I am really valuing the resurgence of Buddhism in the Western world. On my journey across the Internet, I’ve encountered scientists and philosophers turning to mysticism and to Buddhist practice because they realise that the scientific worldview is, at core, insufficient. A materialistic positivist belief system has nothing to say about the immaterial essence of reality – it can’t help us explain it or access it. Our culture is materialistic, and so our spiritual selves are starved and cry out for something to fill the void. Enter secular Buddhism, offering up a liberal, popular spiritualism to tickle our fancies and satiate some of that hunger with some spiritual practice. It’s tolerant and inclusive – it embraces all faiths and religions, and condemns no thoughts or lifestyles (in popular Western practice, at any rate). As Gethin puts it, “Buddhism [is] the answer to the modern world’s ‘crisis of faith’: a religion devoid of belief in God and the saving power of rituals, whose truths are not accepted on the authority of scripture, but verified by direct experience”. Buddhist practice goes some way to filling man’s inner void, but it lets him hold on to all of his assumptions about his individuality and his rights. He remains his own means of salvation. And so it’s a spirituality which fails to orient the man to the source of his spirit – his Creator, the true Reality and Source of all things; God.

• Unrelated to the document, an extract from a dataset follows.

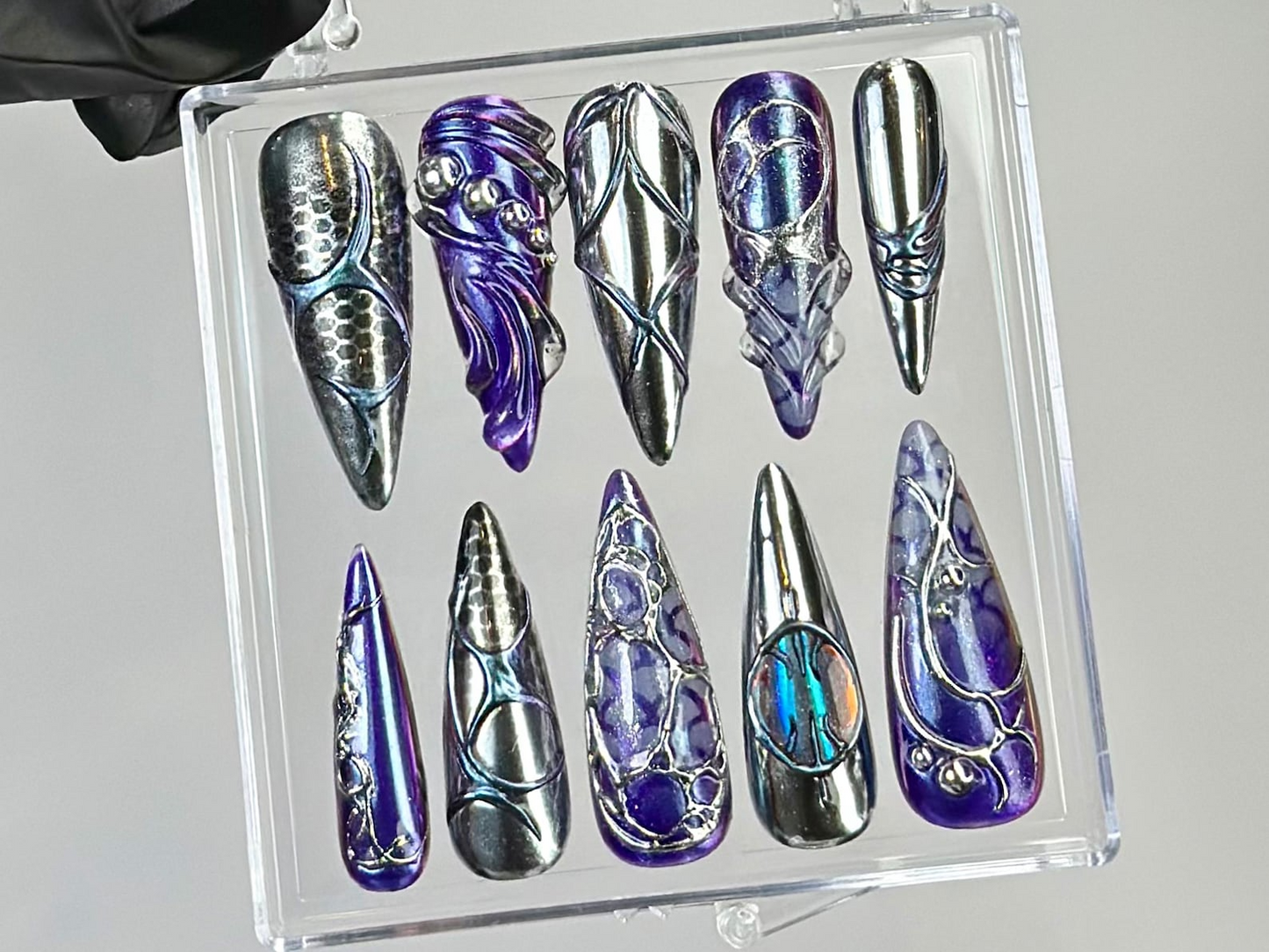 ゴシック クローム ネイルチップ｜Holographic ゴシック ネイルチップ｜メタリック スティレット ネイルアート｜Alternative Cyberパンク ネイル｜Y2K ネイル｜HC771YC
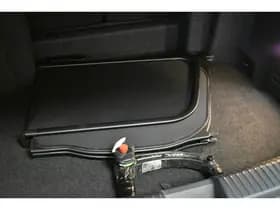 Volkswagen T-Roc Cabrio 1.5 TSI 150PK DSG R-LINE SPORT thumbnail 38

Alright, some of that sounded pretty negative. But this movement is actually a really positive sign. People just feel that there is more than the material – a feeling borne out by philosophical inquiry and scientific insufficiency (in eg. the problem of consciousness). So the world finds itself in need answers which are (in some sense) supermaterial, supernatural.

At heart, the resurgence of Buddhism is the story of people across the world feeling loss – the loss of something which our pseudoscientific-atheistic-internet-culture can’t account for, and won’t countenance a discussion about, and will only mock. It’s the rekindling of the recognition of the Reality behind reality. The search for the sacred is on again.